Człowiek to prosta istota. Jak czegoś nie rozumie, to się tego boi. Gniewna mina wojownika lub "szkarłatna maska śmierci", jak w powieści Edgara Allana Poe, ma za zadanie wybić oponenta ze stanu równowagi. Prosty i bardzo skuteczny zabieg. Zresztą w naturze przybieranie groźnej postawy odstrasza nie tylko Homo sapiens. Stroszenie piór czy nadymanie się ma przekazać niewerbalny sygnał: "Jestem zły, bój się mnie."
Okazuje się jednak, że chcąc dokonać skutecznej transformacji, lepiej przyjąć dokładnie odwrotną postawę – miłego kumpla i pomocnego przyjaciela. W 1994 roku Bernard M. Bass i Bruce J. Avolio zajęli się badaniem zagadnienia przywództwa transformacyjnego. W wyniku ich badań doszli do bardzo ciekawych wniosków. Po pierwsze, liderzy transformacyjni muszą być wzorem do naśladowania. Takim perfekcyjnym "ja", jakiego chcesz widzieć, patrząc w lustro. Nie mogą zbytnio odstawać od przeciętnego członka zespołu, zarówno fizycznie, jak i w zachowaniu. Ale równocześnie muszą wzbudzać pierwiastek zazdrości.
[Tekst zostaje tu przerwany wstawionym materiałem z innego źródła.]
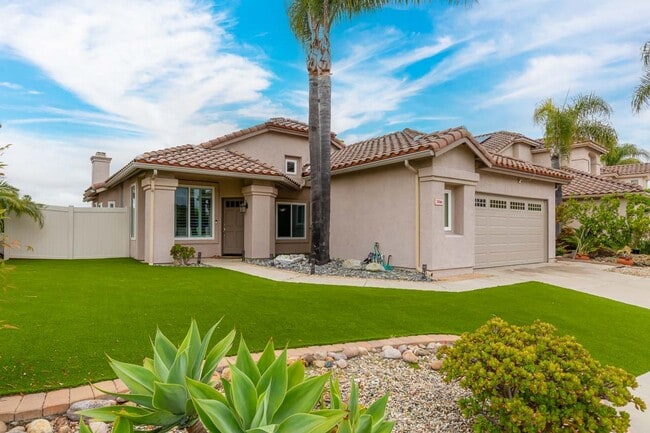 Building Photo - 4 Bed, 2 Bath - Sorrento Mesa Single Famil...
Co najważniejsze, muszą ten zespół reprezentować i bezwzględnie za nim stać. Po drugie, muszą inspirować – stawiać ambitne cele, pokazując własnym przykładem, że są one osiągalne. Po trzecie, muszą stymulować intelektualnie swój zespół, zachęcając i przekonując do ciągłego rozwoju. Po czwarte, muszą podchodzić indywidualnie do każdego członka zespołu. Zapewne obserwowaliście, jak wielki szef przechadza się po open space, będąc zainteresowanym codziennymi zadaniami i ich postępem. Stworzyli oni nawet kwestionariusz MLQ (Multifactor Leadership Questionnaire), powszechnie używany do wczoraj.
Z tych badań oraz licznych ich następców, takich jak McKee, Das, Kouzes, Posner, czy Kelloway, wyłania się jedno przesłanie skutecznych liderów: musisz umożliwić innym działanie. Nie możesz ich zdemotywować ani zawstydzić. Najgorsze, co możesz zrobić, to ich przestraszyć.
Jednak w obecnym świecie znowu coś się zmienia. Począwszy od politycznych nacjonalistów, przez szefów wielkich koncernów, a skończywszy na liderach średnich i małych biznesów, narracja przybiera formę strachu. "Dobrze to już było...", "Trzeba przygotować się na nadchodzący konflikt...", "Trzeba rozliczyć tych, którzy pozwolili, aby ludzie czuli się dobrze...". Stany Zjednoczone, Argentyna, Japonia, Francja, Włochy czy Polska – wszędzie wznoszone są nowoczesne formy gargulców. Już nie na fasadach budynków, lecz na fotelach przywódców. Posępne miny, stonowany, mroczny przekaz, narracja niepewności i strachu. Przechodzimy transformację, a wzory liderów teorii Bass i Avolio są zamieniane na wizerunek rodem z "Teorii cech", z liderami charakteryzującymi się stałymi i nieelastycznymi cechami charakteru, niezdolnymi do adaptacji, za to bezwzględnie egzekwującymi postawione im cele.
Zdjęcie wykonane w Paryżu z dachu katedry Notre Dame.
Dedykuję je wszystkim, którzy nie rozumieją jeszcze dokonującej się zmiany oraz warunków, które do niej doprowadzają.